## [Requirement]
Once the line containing "Close-up of landscape" is found in the entries below, reproduce it and every line after it, stopping at and including the line containing "Kitchen featuring white"; reproduce nothing else, and keep each line exact.

## [Data records]
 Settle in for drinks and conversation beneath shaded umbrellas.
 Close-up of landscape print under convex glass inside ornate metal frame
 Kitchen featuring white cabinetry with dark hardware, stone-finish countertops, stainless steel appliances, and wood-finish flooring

...

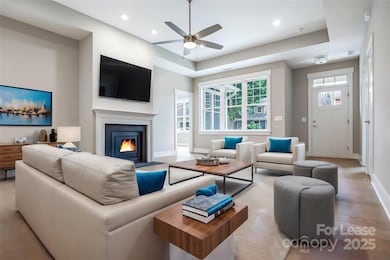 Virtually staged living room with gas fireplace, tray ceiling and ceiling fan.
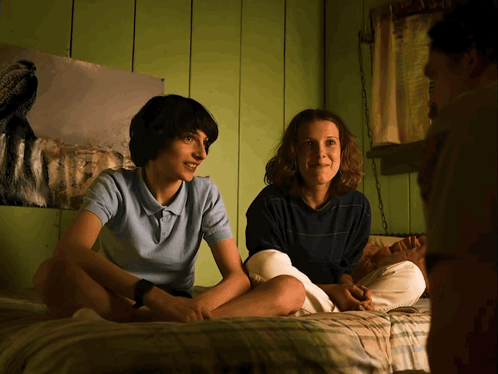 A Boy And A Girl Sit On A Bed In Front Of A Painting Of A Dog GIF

## [Exercise response]
 Close-up of landscape print under convex glass inside ornate metal frame
 Kitchen featuring white cabinetry with dark hardware, stone-finish countertops, stainless steel appliances, and wood-finish flooring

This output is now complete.